SEOUL, South Korea >> North Korean leader Kim Jong Un visited the heavily armed border with rival South Korea and ordered troops to be on high alert, state media reported Sunday, just days after Washington and Pyongyang agreed to a nuclear deal after years of deadlock.

Kim’s visit to Panmunjom village in the Demilitarized Zone, his first reported trip there since the December death of his father, Kim Jong Il, comes amid escalating militaristic rhetoric aimed at U.S. ally South Korea.

Recent North Korean threats, including vows of a "sacred war" against Seoul over U.S.-South Korean military drills, appear to be aimed at a domestic audience, analysts say, and could be an effort to bolster Kim Jong Un’s credentials as a military leader after showing off his diplomatic skills on the U.S. nuclear deal.

Still, the rhetoric keeps the region on edge and complicates diplomatic efforts to settle the standoff over North Korea’s nuclear weapons program. Washington has said that better inter-Korean ties are crucial for diplomacy to succeed. North Korea has also acted on its threats in the past. Fifty South Koreans died in violence blamed on North Korea in 2010, leading to fears of a broader conflict.

On Sunday, tens of thousands of North Koreans rallied in Pyongyang, vowing to topple South Korean President Lee Myung-bak, who ended a no-strings-attached aid policy to the North when he took power in 2008, instead linking assistance to nuclear disarmament. The city’s main Kim Il Sung Square was packed with soldiers dressed in olive green uniforms and citizens who stood at attention as speakers criticized Lee’s government. Huge propaganda placards and portraits of Kim Il Sung and Kim Jong Il towered above the crowd.

In rhetoric typical of the North, military chief Ri Yong Ho warned in a speech that the North Korean army would "sweep out" the South Korean traitors using their guns, according to footage from North Korea’s state TV.

Soldiers and citizens later paraded in rows through the plaza, carrying fluttering red flags, pumping their fists and chanting, "Let’s kill Lee Myung-bak by tearing him to pieces."

The threats are aimed internally as Kim Jong Un bolsters his power among the elite and military as the third generation of his family to lead the country, said Jeung Young-tae, an analyst with the Korea Institute for National Unification in Seoul.

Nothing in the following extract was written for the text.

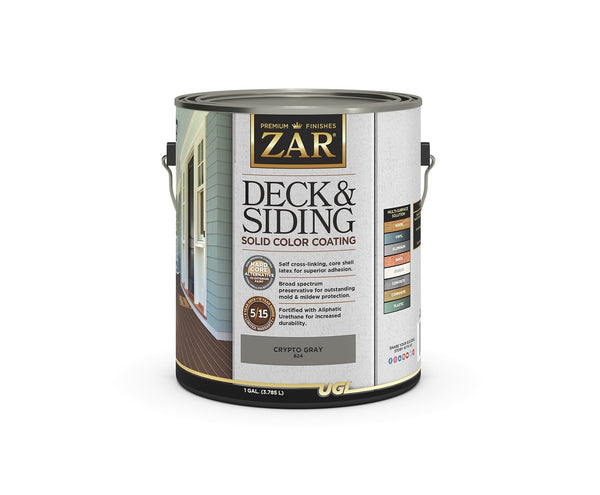 Zar 82413 Deck and Siding Solid Color Coating, Crypto Gray, 1 Gallon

"It’s something that Kim Jong Un must do as the successor," Jeung said. "The North did a similar thing when Kim Jong Il appeared as the new leader" in 1994 following the death of his father, North Korea founder Kim Il Sung, he said.

North Korea accuses the United States and South Korea of holding the joint military drills as preparation for a northward invasion. The allies say the military exercises, which began last week and are scheduled to end in late April, are routine and defensive in nature.

Pyongyang is also angry about a South Korean military unit near Seoul recently posting threatening slogans beneath portraits of Kim Jong Un and his father.

During his Panmunjom visit, Kim Jong Un told troops to "maintain the maximum alertness as they are standing in confrontation with the enemies at all times," according to the official Korean Central News Agency.

State TV aired photos of Kim, dressed in a dark overcoat, shaking hands with a helmeted soldier and giving rifles and machine guns as souvenirs to troops.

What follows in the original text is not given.